Y es que los impuestos sobre las transacciones financieras siempre recaudan poco. El que Francia impuso en 2012, cuyo diseño es similar al español, esperaba recaudar el 0,03% de su PIB, pero ha acabado en la mitad. A su homólogo italiano le fue aún peor, con un déficit recaudatorio del 80 por ciento. La razón es que, en cuanto entra en vigor este impuesto, la actividad financiera decae, trasladándose a otros mercados. Cuando Suecia introdujo una tasa Tobin en 1984, el volumen de negociación de acciones cayó un 30 por ciento y el de bonos un 85 por ciento. Las empresas y traders suecos se fueron a Londres, y solo algunos regresaron después de que el impuesto se aboliera en 1990, tras una corta y penosa existencia.

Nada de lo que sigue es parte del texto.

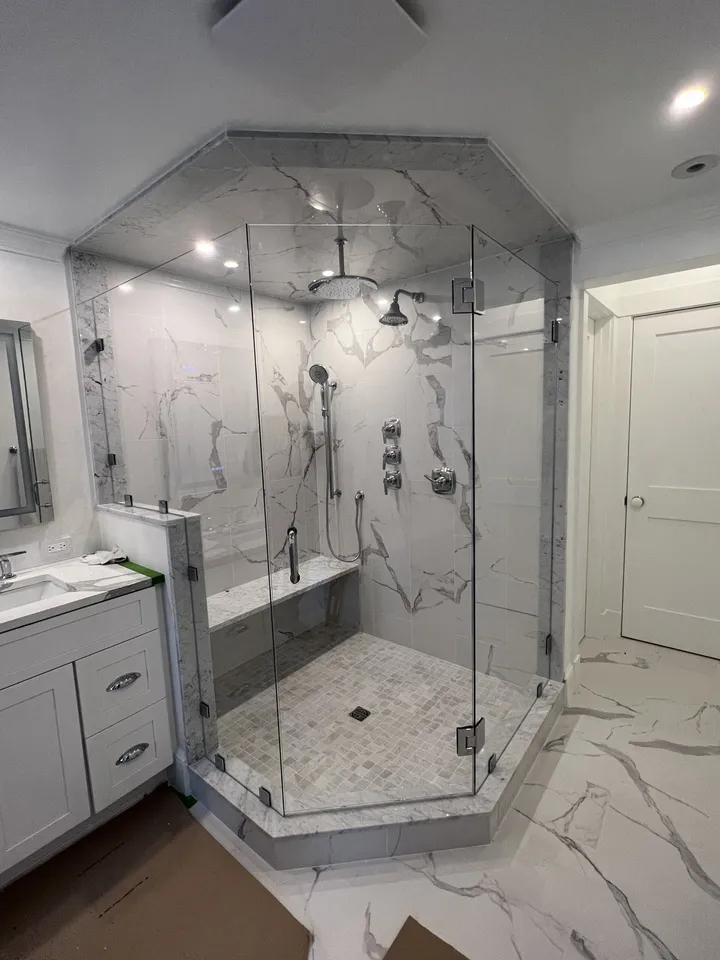 Marble-tiled glass shower enclosure with black fixtures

Según la prescripción de James Tobin, el economista ganador del Nobel que da nombre a la tasa, su objetivo nunca ha de ser la recaudación, ya que busca precisamente reducir las transacciones en pro de la estabilidad financiera.
Tobin la propuso en los años setenta, cuando el fin del régimen de Bretton Woods había dado a cada país libertad monetaria y fiscal, aunque a merced de la confianza de los inversores internacionales, susceptibles de sacar su capital de países dudosos. Tobin consideraba dichos movimientos de capital dañinos para la estabilidad macroeconómica y quería desincentivarlos fiscalmente.
El economista se equivocaba al minusvalorar la importancia de la libre circulación del capital para forzar disciplina fiscal y monetaria sobre gobiernos irresponsables. Más de una docena de crisis soberanas en las últimas décadas demuestran que éste es el único escudo fiable para los ahorradores. Pero ni siquiera Tobin hubiera apoyado la tasa Montero, que se fundamenta en discutibles argumentos recaudatorios y no en los criterios de eficiencia y estabilidad que él consideraba necesarios.
Bien es cierto que Montero no está sola. Como se ha mencionado, varios países europeos operan un impuesto similar, aunque con poco éxito. La Comisión Europea, siempre deseosa de crear fuentes de fondos propios que suplan las frágiles contribuciones de los Estados miembros, aboga desde hace nueve años por consolidar este impuesto a nivel comunitario. Pero la oposición del Reino Unido y Luxemburgo, centros financieros internacionales, ha hecho que la propuesta no despegue hasta la fecha, pese al apoyo explícito de Francia y Alemania.
Por la posición periférica de España en lo que a su mercado bursátil se refiere, parece imperativo no adelantarse al resto de la UE en la promulgación de este impuesto. Como mínimo, deberíamos esperar a que se resuelva la incertidumbre económica para introducirlo, ya que sin duda aumentará el coste de capital de las grandes cotizadas en un momento en que muchas necesitan amplia financiación. Sería lamentable que algunas de estas empresas tuvieran que pedir una inyección de capital a la SEPI (la entidad pública de propiedades industriales) porque no hubiera inversores privados dispuestos a aportarlo debido a la tasa Montero.
Ningún otro país europeo ha propuesto crear o subir impuestos financieros para hacer frente a esta recesión. Algo que no ha de sorprender, puesto que aportaría muy poco a las arcas públicas, eso sí, transmitiendo un mensaje desalentador a los mercados.